Executive Director of Regional Expansion
Nurse Family Partnership
Chris Bishop, ScD, MHS, CPS, manages a team that is responsible for growing the Nurse-Family Partnership nurse home visitation program in Texas, Florida, North Carolina, and South Carolina. In South Carolina, he also leads operations of the Pay for Success project – a six-year, $30 million public-private partnership to expand nurse-family partnerships in that state. He has been involved in this project since 2012 and has been active all phases of the project’s design, contract negotiations, piloting, and full implementation.
Bishop’s background in the nonprofit sector spans 24 years, and he brings experience and expertise in the areas of community health, population health, public-private partnerships, community development, grassroots advocacy and organizing, and case management. He holds a Bachelor of Science degree in Psychology from Guilford College and a Master of Public Administration degree from Villanova University.
Vice President, Social Investment Team
Nirav Shah works with nonprofits, governments, and private sector funders to develop and execute public-private partnerships to measurably improve the lives of people by scaling evidence-based social service programs.

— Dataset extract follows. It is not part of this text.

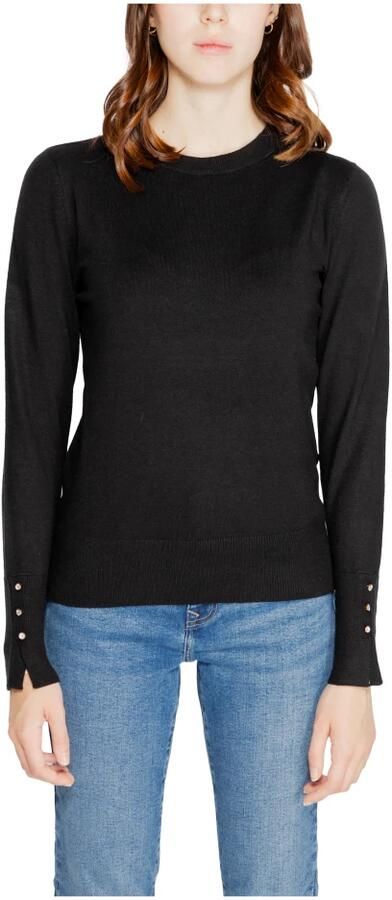 Jacqueline de Yong Zwarte Gebreide Ronde Hals Trui Black Dames - Foto 3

Shah is working on projects to improve maternal and child health outcomes, expand access to permanent supportive housing for the homeless, and improving recidivism and workforce development outcomes for individuals with recent criminal convictions. Shah has experience in the public and private sectors.
The MacQueen Lecture
Leading by Investing: Strengthening the Nation’s Families for a Stronger World
Senior Associate Vice President, USF Health
Dean, College of Public Health
Dr. Donna Petersen, ScD, MHS, CPS, is the author of numerous publications, book chapters, and a textbook on needs assessment in public health. She is a frequent lecturer on topics related to maternal and child health, health care reform, and systems change and leadership and has provided extensive technical assistance and training to over 25 state health departments in the areas of needs assessment, data system development, systems level accountability, and the development of population-based indicators. She has served on numerous boards, commissions, and task forces and is Editor Emerita of the Maternal and Child Health Journal, founding member and past president of the National Board of Public Health Examiners, Chair of the Council on Education for Public Health, and Chair-Elect of the Association of Schools and Programs of Public Health.
Petersen also is a professor of global health at the University of South Florida. She earned her master’s and doctoral degrees in maternal and child health from the Johns Hopkins School of Hygiene and Public Health. She has held faculty and senior leadership positions at the University of Alabama at Birmingham, School of Public Health; at the University of Minnesota, School of Public Health; and served as Director of the Division of Family Health at the Minnesota Department of Health.